1) Old DGDecodeNV.dll dgsource("test.dgi").DGDenoise()

2) Test3 DGDecodeNV_AVX2.dll dgsource("test.dgi",dn_enable=1)

3) Test3 DGDecodeNV_AVX2.dll dgsource("test.dgi",dn_enable=3)

1) 2) 3)
----------------- ----------------- -----------------
Frames processed: 507 (0 - 506) 507 (0 - 506) 507 (0 - 506)
FPS (min | max | average): 12.05|23.99|23.49 3.810|4.724|4.656 1.512|9.359|4.579
Process memory usage (max): 393 MiB 598 MiB 627 MiB
Thread count: 22 19 19
CPU usage (average): 8.0% 8.2% 8.3%

GPU usage (average): 89% 98% 97%
VPU usage (average): 3% 1% 1%
GPU memory usage: 849 MiB 856 MiB 834 MiB
GPU Power Consumption (average): 24.3 W 29.9 W 29.7 W

Time (elapsed): 00:00:21.585 00:01:48.902 00:01:50.716

tebasuna51
10th February 2024, 16:51
Previous version was fast with dn_enable=1 (not work with 2 or 3)

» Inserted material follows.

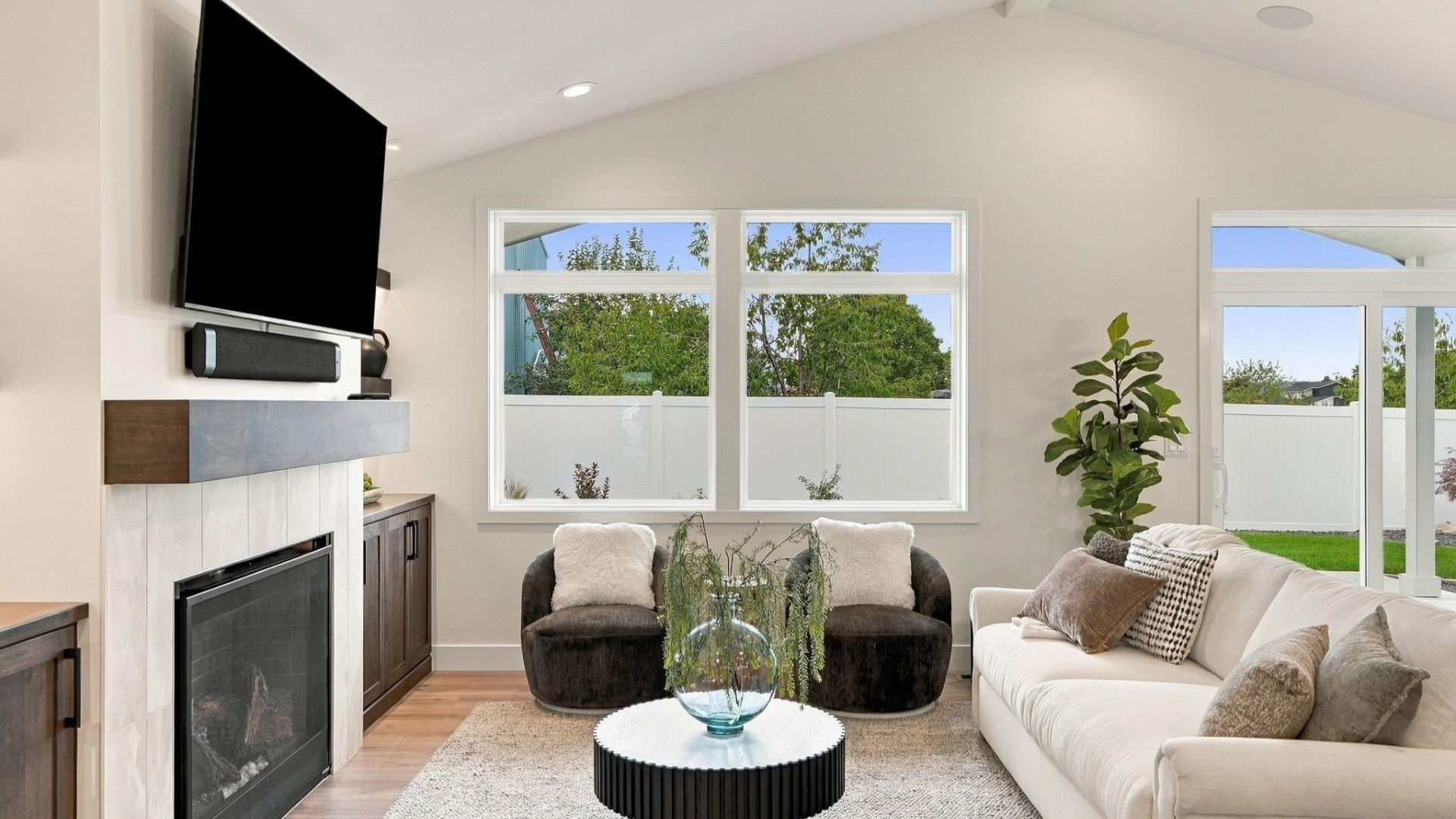 Living Room — Fireplace & Seating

Frames processed: 507 (0 - 506)
FPS (min | max | average): 6.357 | 9.447 | 9.260
Process memory usage (max): 524 MiB
Thread count: 17
CPU usage (average): 8.3%

GPU usage (average): 97%
VPU usage (average): 2%
GPU memory usage: 825 MiB
GPU Power Consumption (average): 29.7 W

Time (elapsed): 00:00:54.754

eac3to_mod
10th February 2024, 16:58
OK, everything is fine. :rolleyes:

Here's the deal.

We had searchw 5/7/9.
Now we have good/better/best.

The good/better/best are scaled higher than searchw (this was discussed at DG forum). That means "good" is already equivalent to searchw = 9. So for accurate comparison to old searchw = 9 you have to choose "good".

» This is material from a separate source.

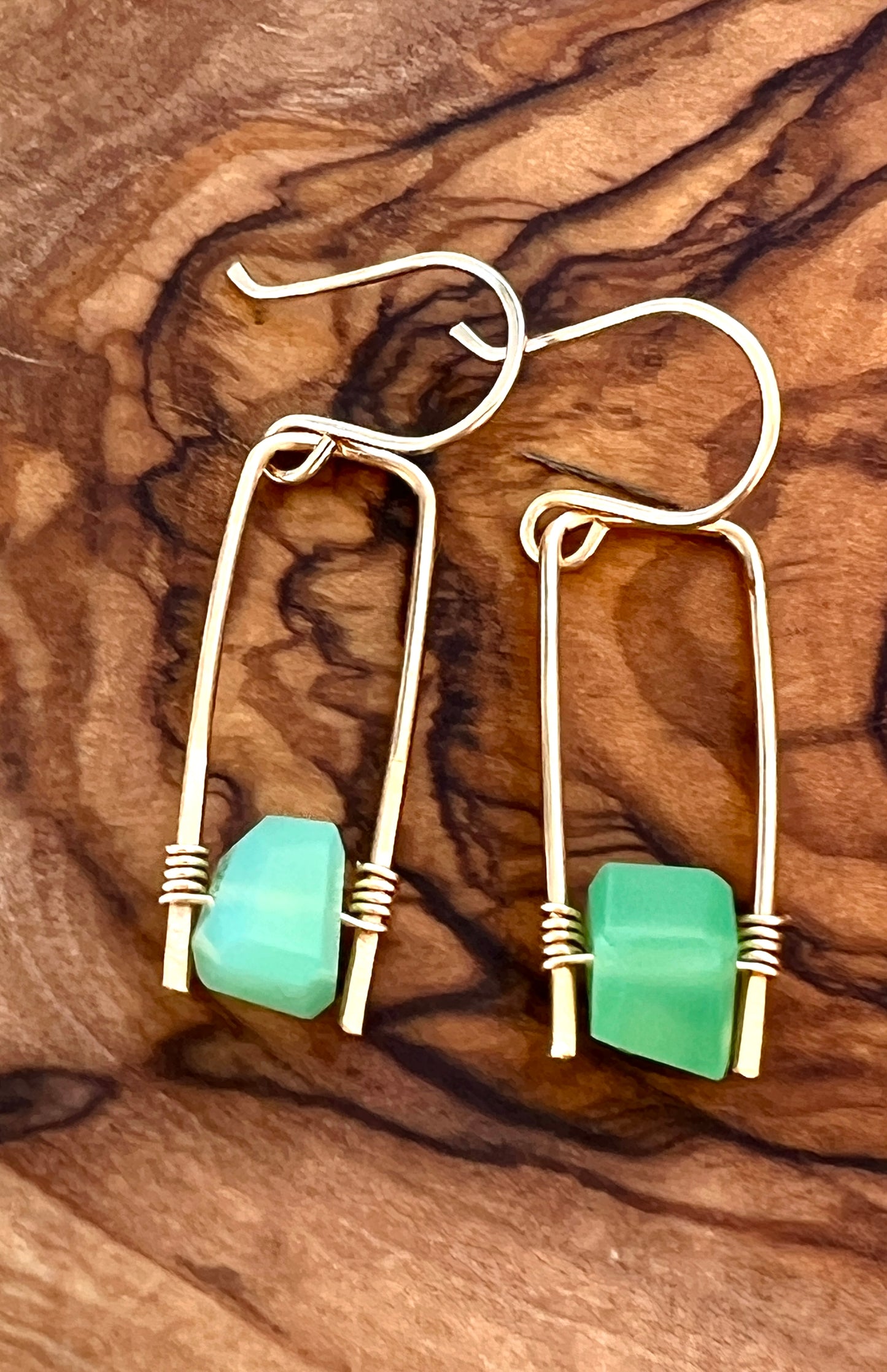 Jane Collection - Genuine Chrysoprase Earrings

And you have to turn off temporal to compare to old.

I hope it is clear. I'll give my numbers shortly.

eac3to_mod
10th February 2024, 17:03
For SSE4.1 no AVX2 or AVX512:

Old with searchw = 9: 475 fps (spatial only)
New with dn=1, quality good: 522 fps (spatial only)(good = searchw 9)
New with dn=3, quality good: 485 fps (spatial and temporal)(good = searchw 9)

For spatial there is a good speed increase. You get temporal denoising for free while still being a little faster. And you have the higher qualities of better and best available that you didn't have before. And don't forget that raw frame serving is 33% faster too in my tests.

Will give AVX numbers shortly.

eac3to_mod
10th February 2024, 17:18
AVX2:

Old with searchw = 9: 475 fps (spatial only)
New with dn=1, quality good: 524 fps (spatial only)(good = searchw 9)
New with dn=3, quality good: 505 fps (spatial and temporal)(good = searchw 9)

AVX512:

Old with searchw = 9: 475 fps (spatial only)
New with dn=1, quality good: 524 fps (spatial only)(good = searchw 9)
New with dn=3, quality good: 508 fps (spatial and temporal)(good = searchw 9)

So AVX is a big step up. AVX512 is very minor over AVX2.

AVX is used only for the temporal denoising. When I move it to the GPU it will get even better. I did it this way to leverage Avisynth+ frame caching and secondarily because I could do it quickly. I'll have to cache myself to move it to the GPU.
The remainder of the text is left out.